# [Work instruction]
Only the lines below from the one containing "A 14ct gold" through the one containing "Peach Car Printed Tee" belong in the answer, set down exactly, with the pictures left out.

# [Supplied material]
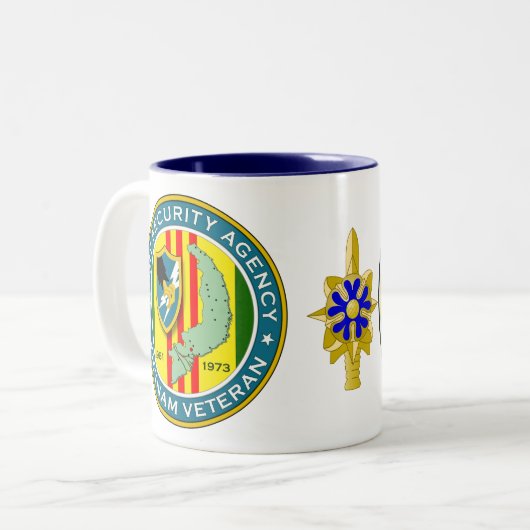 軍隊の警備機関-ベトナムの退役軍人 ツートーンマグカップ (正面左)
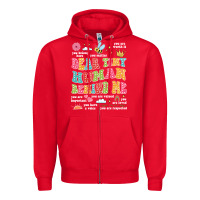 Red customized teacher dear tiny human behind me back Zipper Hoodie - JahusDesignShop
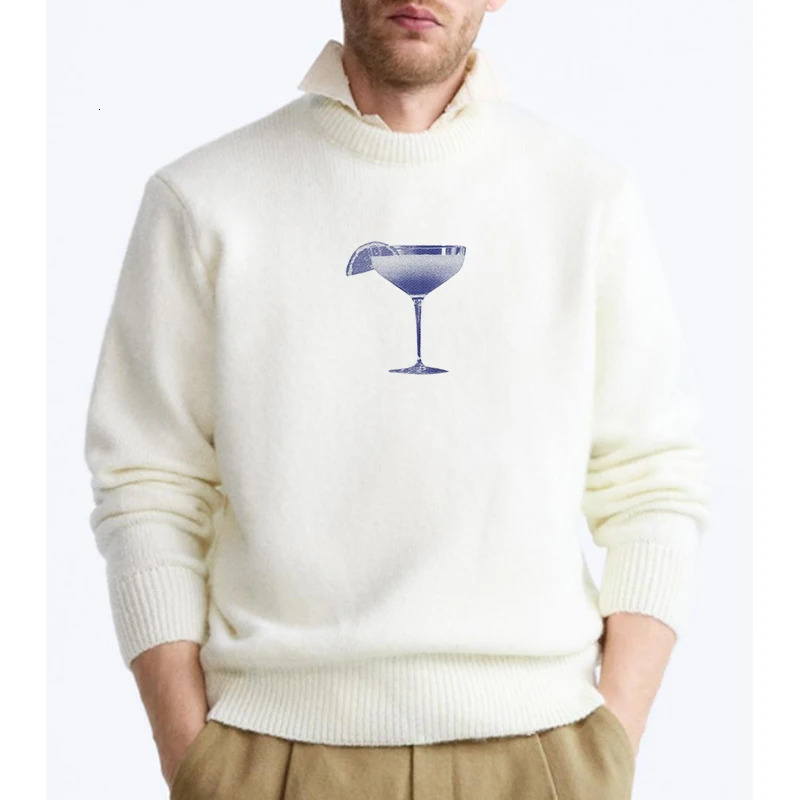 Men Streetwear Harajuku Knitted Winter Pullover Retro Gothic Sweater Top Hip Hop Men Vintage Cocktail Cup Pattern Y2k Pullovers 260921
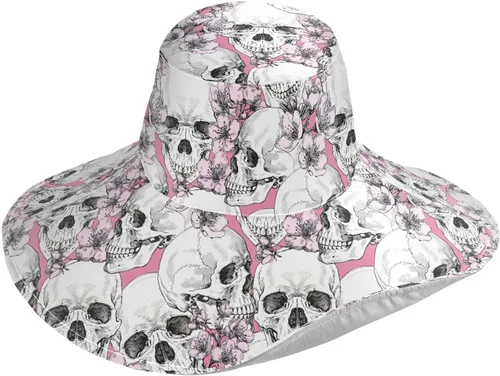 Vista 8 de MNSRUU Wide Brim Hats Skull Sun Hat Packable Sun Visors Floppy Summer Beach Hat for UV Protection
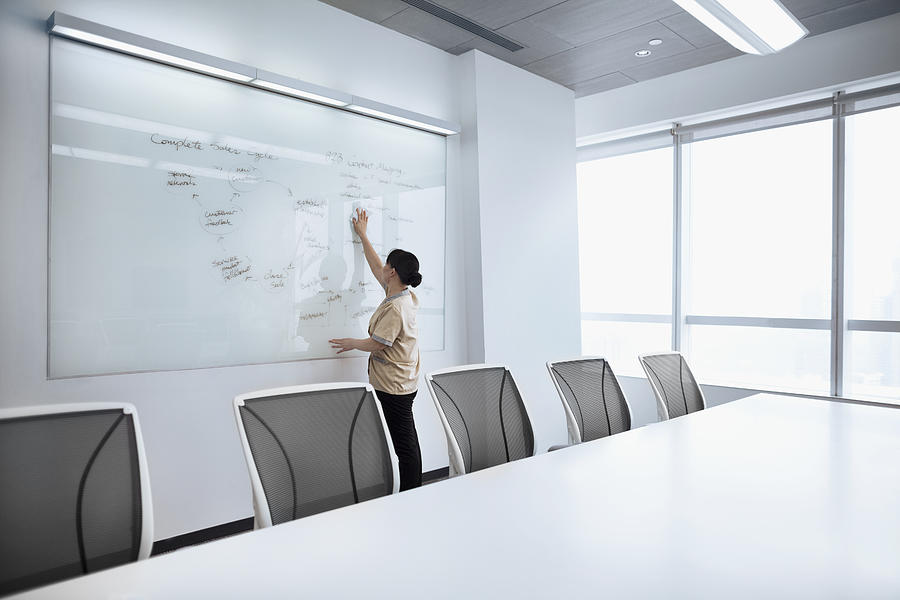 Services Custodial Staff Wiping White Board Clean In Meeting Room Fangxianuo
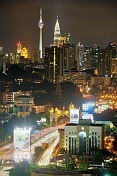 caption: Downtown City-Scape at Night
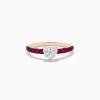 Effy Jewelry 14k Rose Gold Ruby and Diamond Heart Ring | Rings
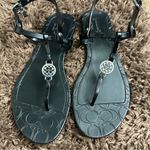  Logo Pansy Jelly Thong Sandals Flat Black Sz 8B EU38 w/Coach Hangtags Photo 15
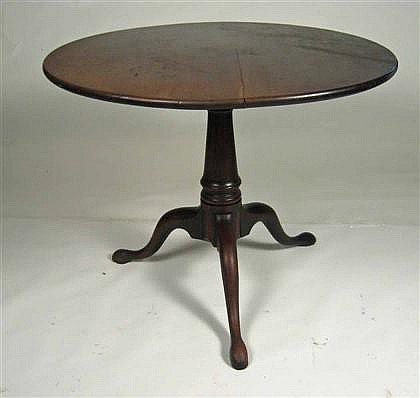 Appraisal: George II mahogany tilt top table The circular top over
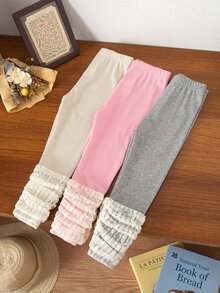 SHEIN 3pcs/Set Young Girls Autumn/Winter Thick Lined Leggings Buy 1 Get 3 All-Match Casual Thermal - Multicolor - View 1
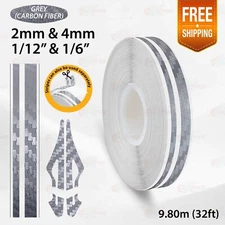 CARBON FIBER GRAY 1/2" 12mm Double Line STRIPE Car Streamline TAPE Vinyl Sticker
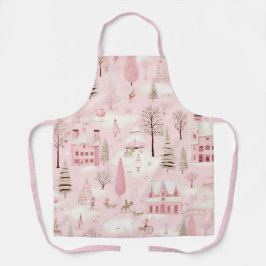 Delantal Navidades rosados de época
==
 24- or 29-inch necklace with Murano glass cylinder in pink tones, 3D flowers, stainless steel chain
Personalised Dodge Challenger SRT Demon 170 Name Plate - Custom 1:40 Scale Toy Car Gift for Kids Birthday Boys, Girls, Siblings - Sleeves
...
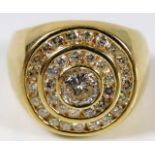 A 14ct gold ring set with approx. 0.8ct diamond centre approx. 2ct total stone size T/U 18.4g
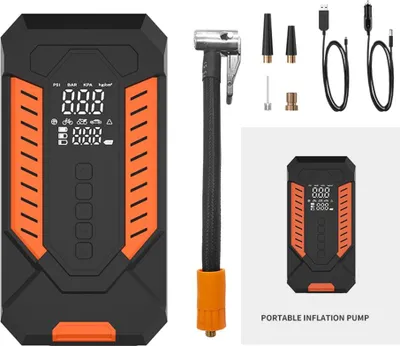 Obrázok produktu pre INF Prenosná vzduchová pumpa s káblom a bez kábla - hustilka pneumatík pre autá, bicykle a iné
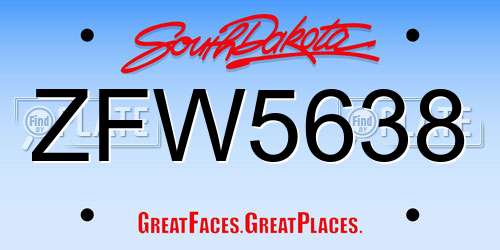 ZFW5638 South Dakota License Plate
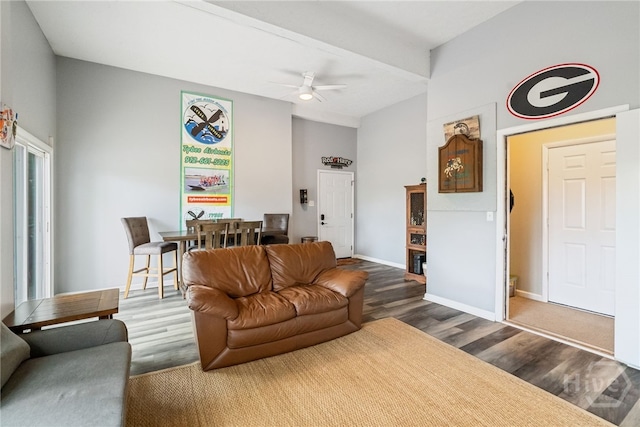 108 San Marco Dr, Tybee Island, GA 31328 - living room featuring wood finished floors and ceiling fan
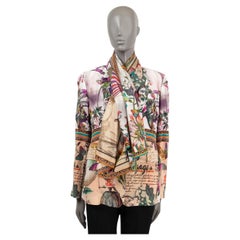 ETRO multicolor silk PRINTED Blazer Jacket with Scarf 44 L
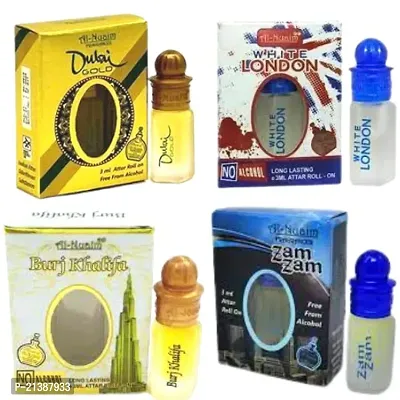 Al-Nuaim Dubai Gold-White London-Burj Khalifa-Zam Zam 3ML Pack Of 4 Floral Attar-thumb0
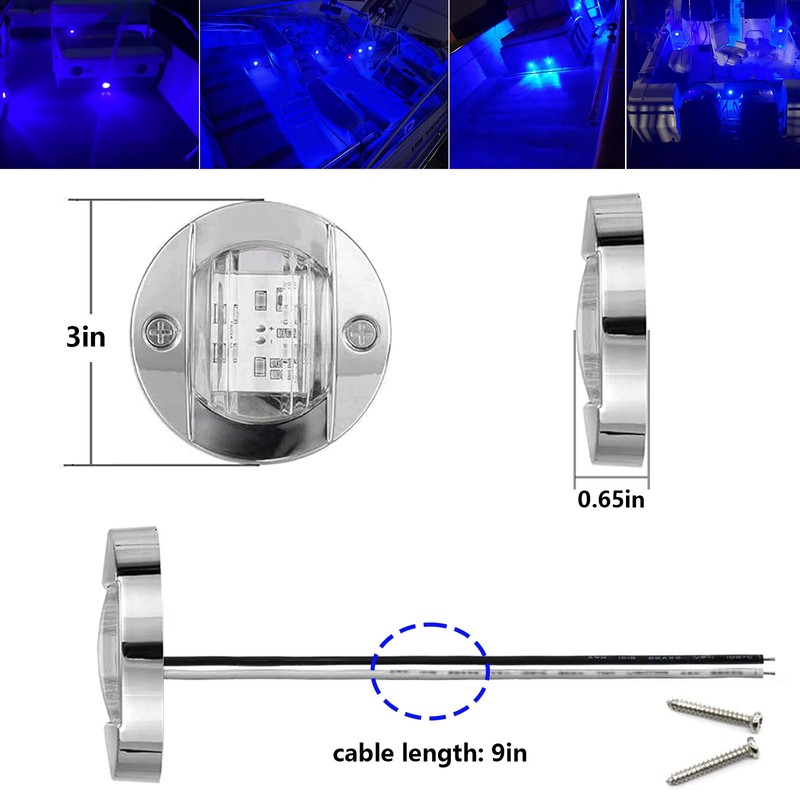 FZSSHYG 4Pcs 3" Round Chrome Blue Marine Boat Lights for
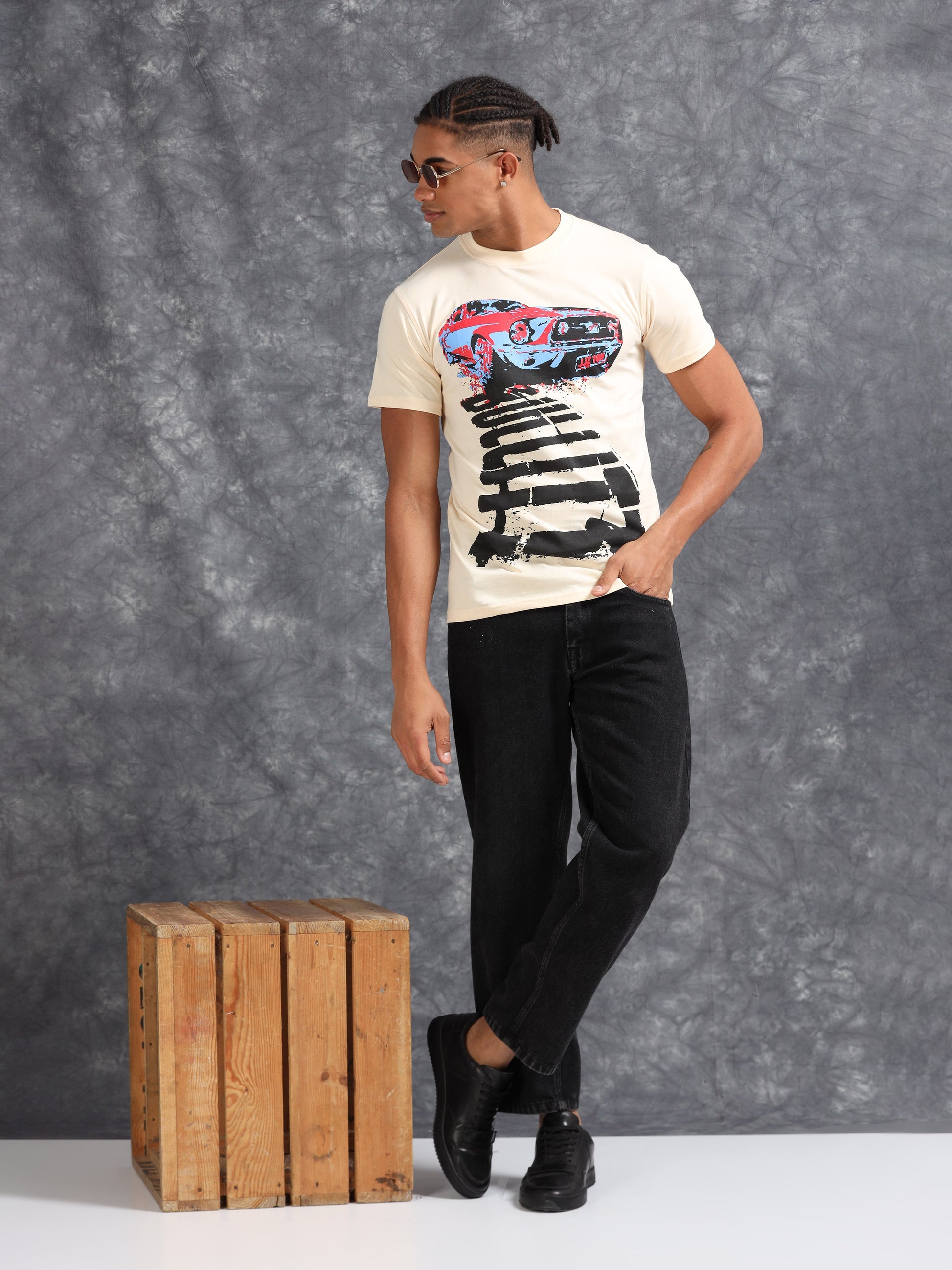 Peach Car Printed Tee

# [Response box]
 A 14ct gold ring set with approx. 0.8ct diamond centre approx. 2ct total stone size T/U 18.4g
 Obrázok produktu pre INF Prenosná vzduchová pumpa s káblom a bez kábla - hustilka pneumatík pre autá, bicykle a iné
 ZFW5638 South Dakota License Plate
 108 San Marco Dr, Tybee Island, GA 31328 - living room featuring wood finished floors and ceiling fan
 ETRO multicolor silk PRINTED Blazer Jacket with Scarf 44 L
 Al-Nuaim Dubai Gold-White London-Burj Khalifa-Zam Zam 3ML Pack Of 4 Floral Attar-thumb0
 FZSSHYG 4Pcs 3" Round Chrome Blue Marine Boat Lights for
 Peach Car Printed Tee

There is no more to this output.